**Information**
========

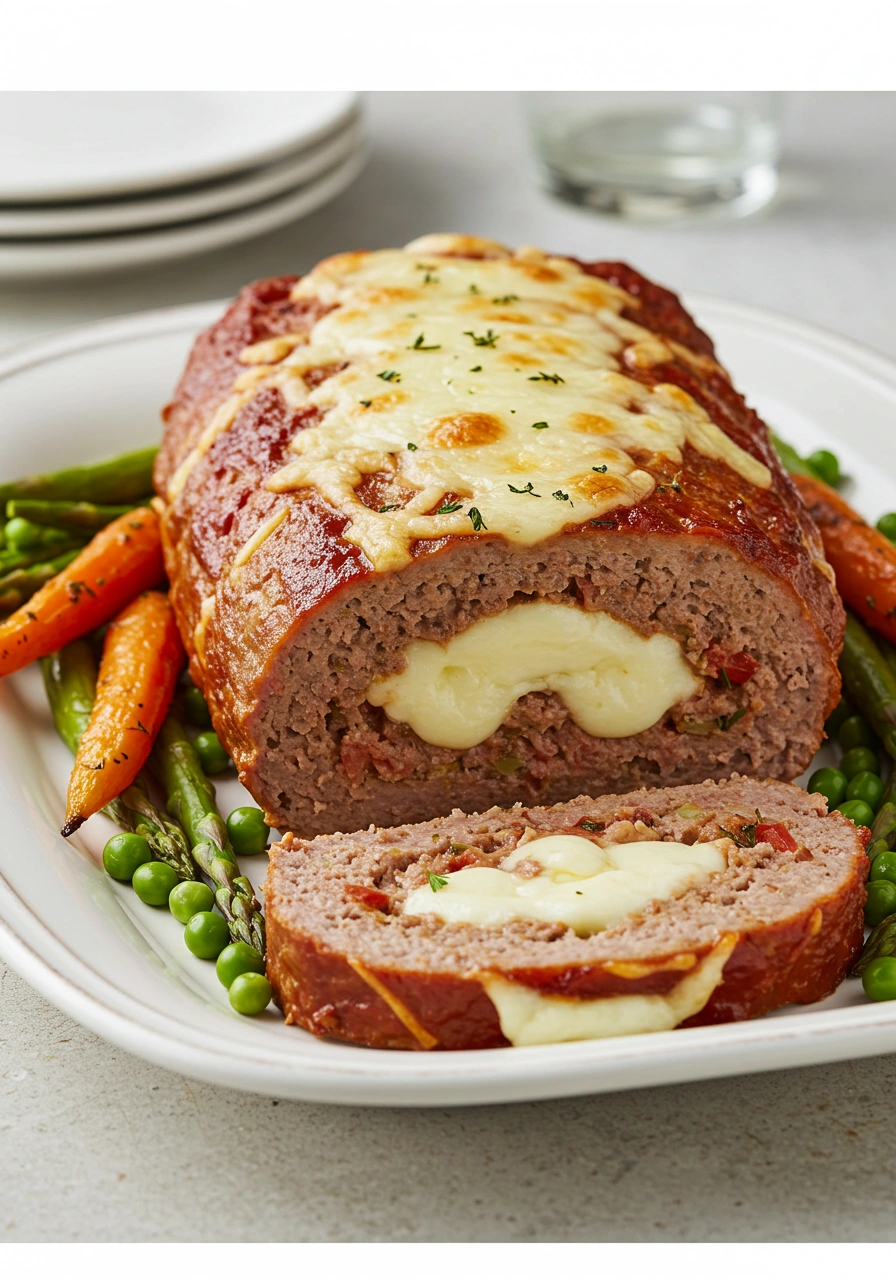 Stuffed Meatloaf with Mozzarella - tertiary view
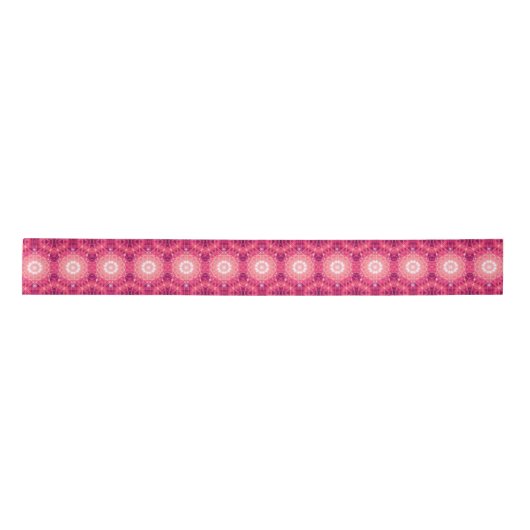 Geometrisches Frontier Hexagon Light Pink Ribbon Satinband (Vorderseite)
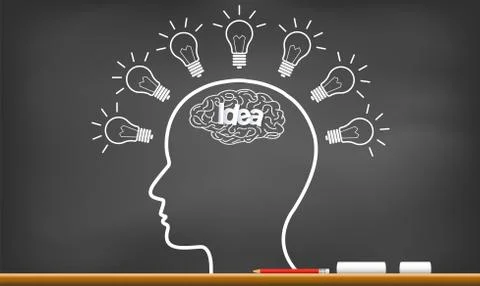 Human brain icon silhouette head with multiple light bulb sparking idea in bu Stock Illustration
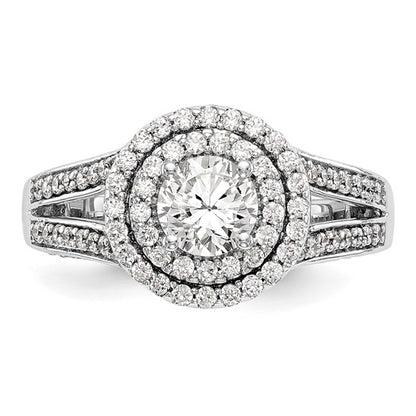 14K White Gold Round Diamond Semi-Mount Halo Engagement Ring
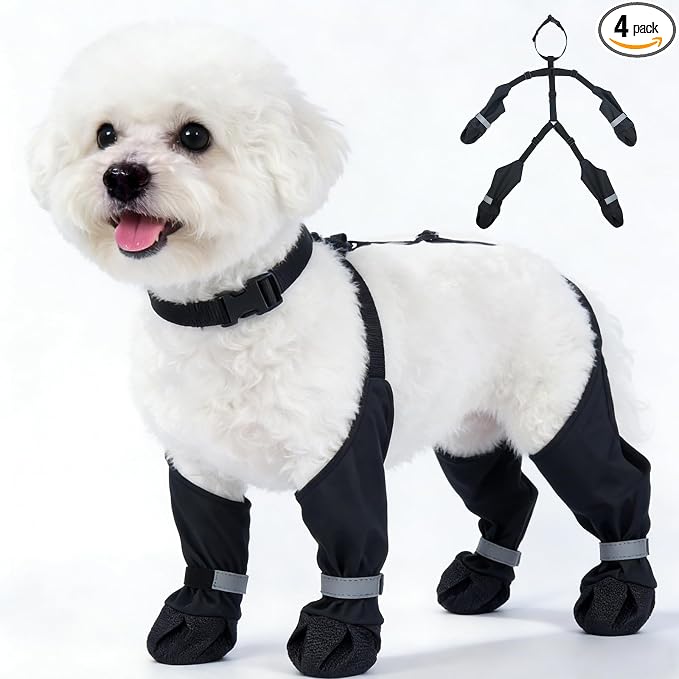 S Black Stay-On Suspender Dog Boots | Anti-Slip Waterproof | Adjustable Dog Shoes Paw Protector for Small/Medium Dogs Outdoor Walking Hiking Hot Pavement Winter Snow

========

**Task**
Set down a word-for-word copy of the records, dropping any picture.

**Answer section**
 Stuffed Meatloaf with Mozzarella - tertiary view
 Geometrisches Frontier Hexagon Light Pink Ribbon Satinband (Vorderseite)
 Human brain icon silhouette head with multiple light bulb sparking idea in bu Stock Illustration
 14K White Gold Round Diamond Semi-Mount Halo Engagement Ring
 S Black Stay-On Suspender Dog Boots | Anti-Slip Waterproof | Adjustable Dog Shoes Paw Protector for Small/Medium Dogs Outdoor Walking Hiking Hot Pavement Winter Snow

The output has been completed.